Wouldn't it be false advertising to sell seeds with the name of a known OP variety that's been around 20 years or more, BUT genetically modified?
For example, Sungold, Rutgers, Glacier, Ildi, Early Wonder, Golden Rave, Early Girl, Marmand, Sub Arctic Plenty, Taxi, and Jaune Flammee are all known cultivars, some old enough to be heirlooms. If they were GMed or even hybridised, wouldn't it be false advertsing to call them by their traditional names?
I read some years ago that there were still rigid laws about grafting genes from other species into a food crop, and that there were very few (like just 1-2) such transgenic, edible crops at that time. 10-15 years ago? 20?
I thank you all... and "supposedly" there are laws at least regarding the genes from other species. But flowers and veggies that are advertised as "round up ready" have been genetically altered using the poison dna in order to be immune to it... As for the tomatoes, I was really just using that as an example. :-) I'm sure that there is (or would hope) safe genetic modification such as lab created hybridization, it's all the other things that might end up spliced into my seeds and could produce food that I don't care to eat.
Lisa, I am following and shopping from people who have taken the safe seed pledge but as long as there are no laws in place regarding the labeling of seeds that have been genetically modified...
Rick, according to much of what I'm reading all over the internet there is plenty of "false advertising" going on regarding seed varieties already. Most of the large seed companies get the bulk of their seeds from seed brokers and then name them as they will, it seems. It's all a little crazy.
>> Rick, according to much of what I'm reading all over the internet there is plenty of "false advertising" going on regarding seed varieties already.
I would not bet against that theory! And even where there are laws, I look at large corporations and I look at politicians, and I don't really overflow with trust and warm fuzzies.

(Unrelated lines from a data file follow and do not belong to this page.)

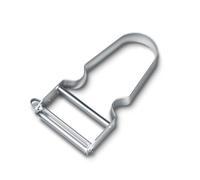 Victorinox Rex Pelapatate, Lama Liscia per Frutta e Verdura, Alluminio | Pelaverdure iconico con lama dritta extra affilata in acciaio inossidabile, impugnatura ergonomica, Swiss Made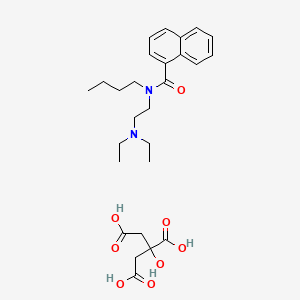 molecular formula C27H38N2O8 B12676493 N-Butyl-N-(2-(diethylamino)ethyl)-1-naphthamide citrate CAS No. 80095-31-4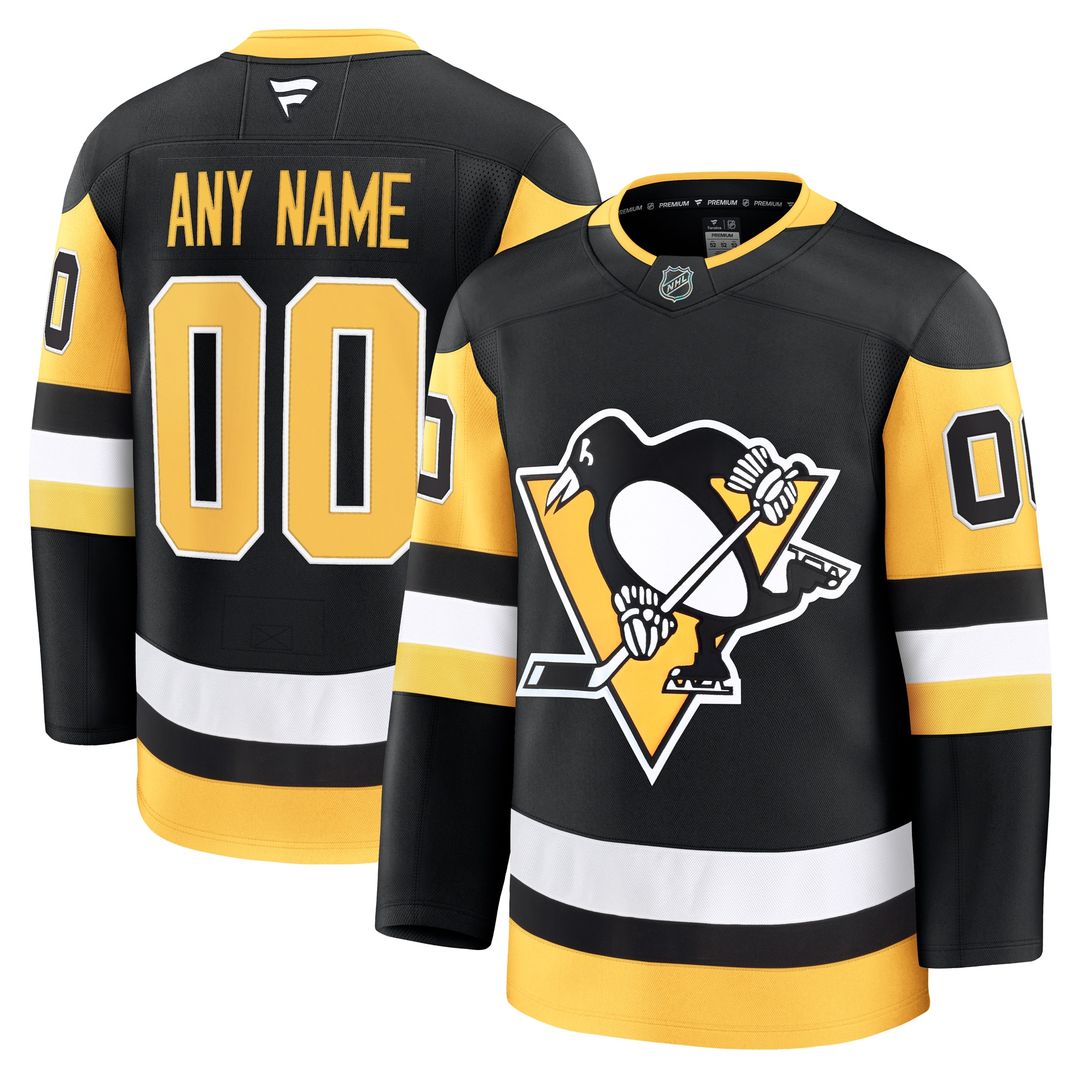 Pittsburgh Penguins Fanatics Alternate Premium Custom Jersey - Gold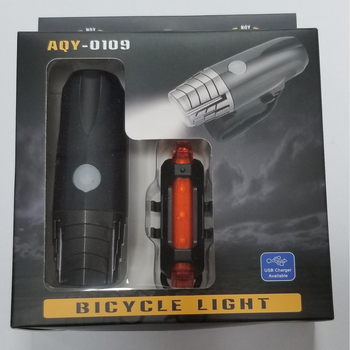 Set de lumini pentru bicicletă: far față, semnal posterior și lanternă pentru bicicletă de drum – luminozitate ridicată; Brand An Qiyou/NQY; etichetă privată licențiată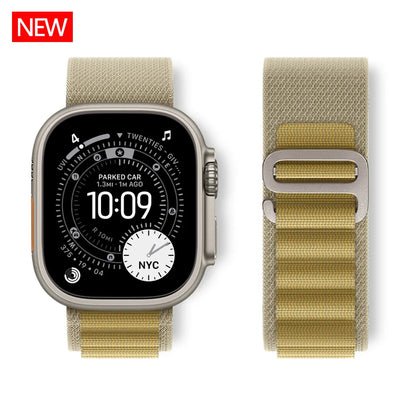 Alpine Loop Strap For Apple Watch Ultra 3 band 49mm Nylon bracelet iwatch series 11 10 42/46mm SE3 40/44mm 7 8 9 45mm 41mm Band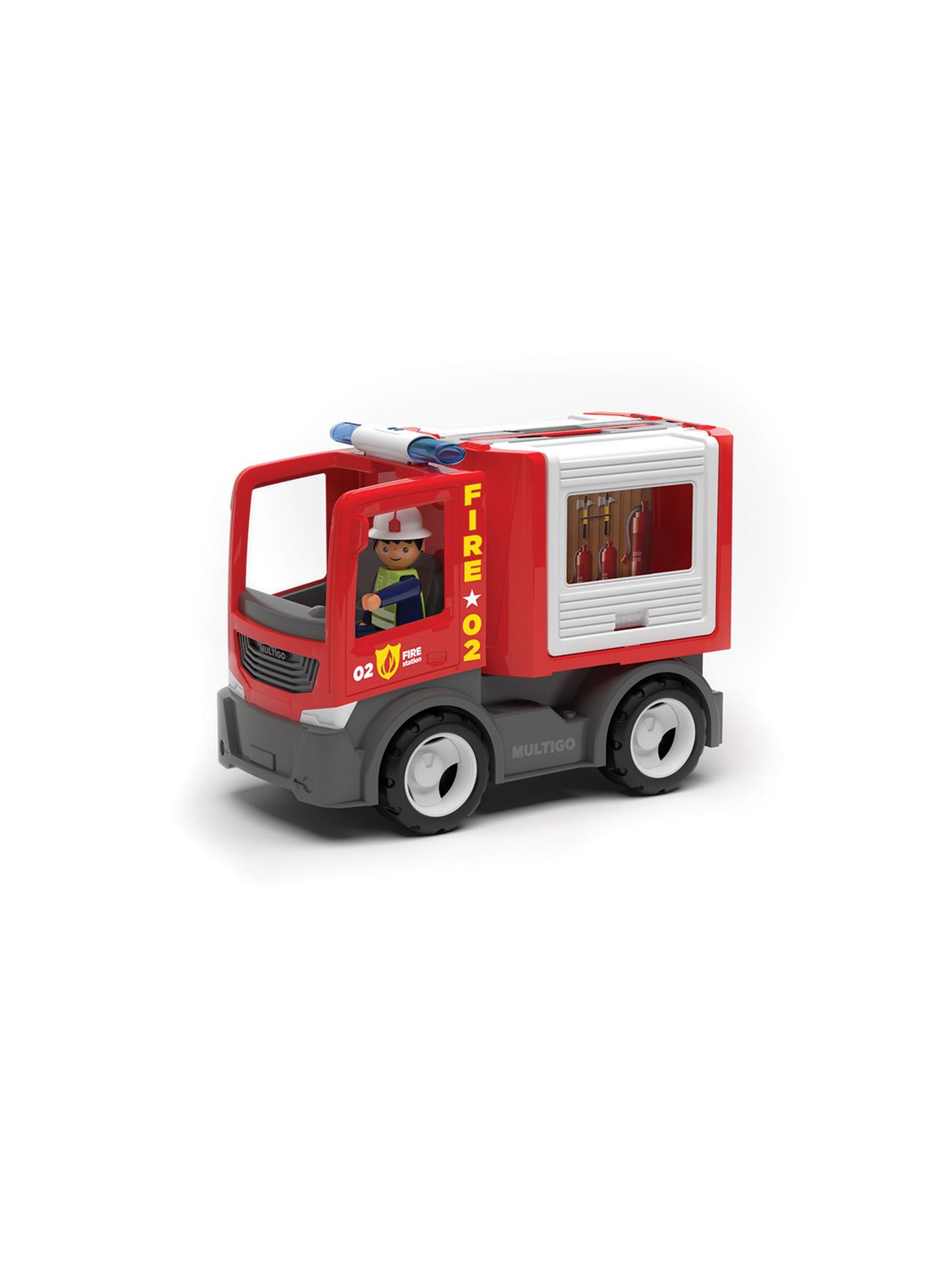 Wóz strażacki ze strażakiem Multigo Fire 3+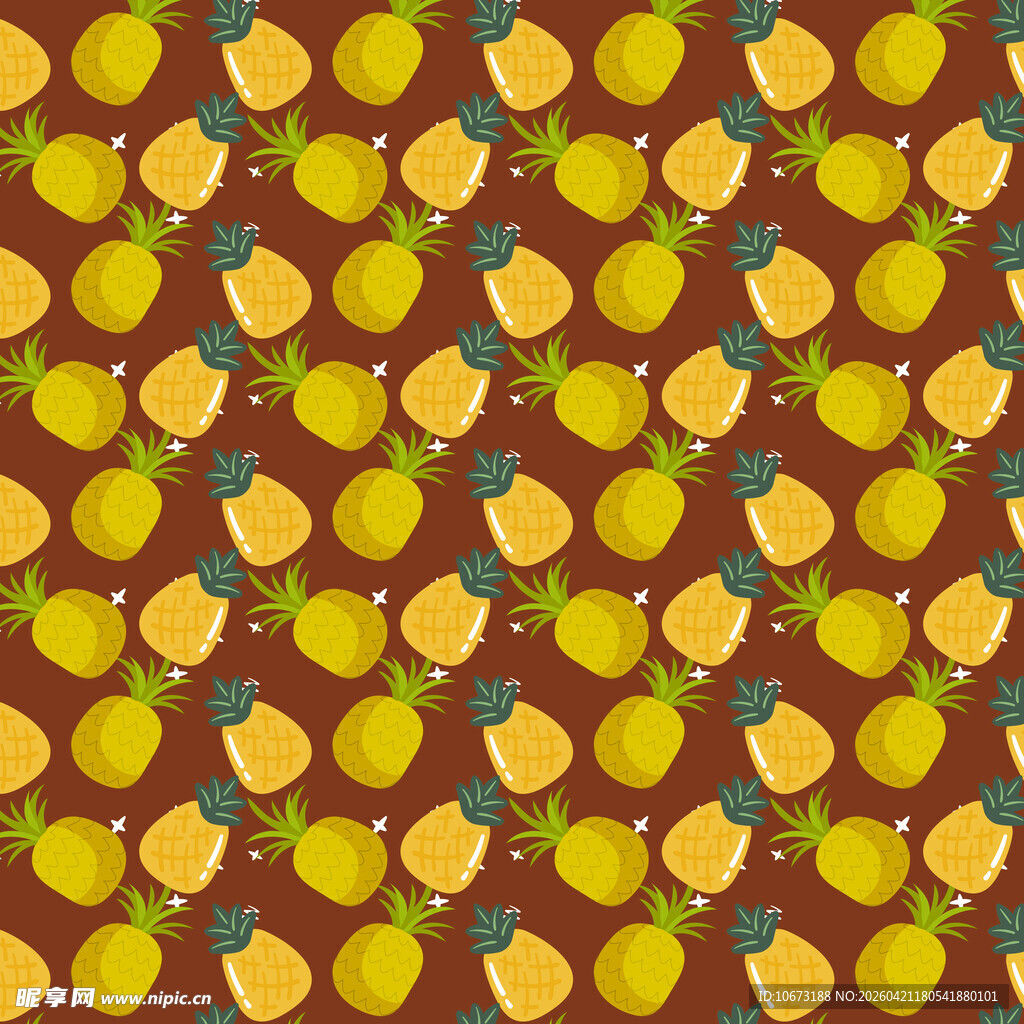 菠萝图案背景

Where did the "Roundup-Ready" gene come from? Bacteria? That should be transgenic to say the least! And yet it does seem to be in a huge number of food crops, which contradicts my impression that not MANY food crops were transgencially GMO. If I can find that GMO book again, I'll check its copyright date.
I seem to recall that "Bt" also comes from bacteria, ummm ... (Wikipedia, help me out ...) Bacillus thuringiensis ... but I forget what it is "for" ... Wiki ... yeah, "natural pesticide" or insecticidal endotoxins. Corn and cotton ... I wonder what else.
You really need to do a search or post on the veggie forum for that matter look on the veggie forum. There is so much info already on DG about this.
But GMOS and Hybrids simply are not the same thing. GMOS have genes that are not from said species. Hybrids are a cross between the same species to get natural hybrid vigor. There are laws regarding selling of seeds that are GMO as far as home gardeners go, just not in the food supply. I didnt say it made sense.
But there is so much info already here. This topic comes up every couple months. I dont know how to explain it, or where you are getting your information/propaganda. There is a lot of misinformation or 1/2 truths on this subject. But there are alot of threads that will answer all your questions. You just have to do a search or post on the appropriate thread to get an answer. The info is there. GMOs are very expensive to produce so there is little to no reason to get them to a home gardener. But yes there are labling laws regarding the seeds we grow.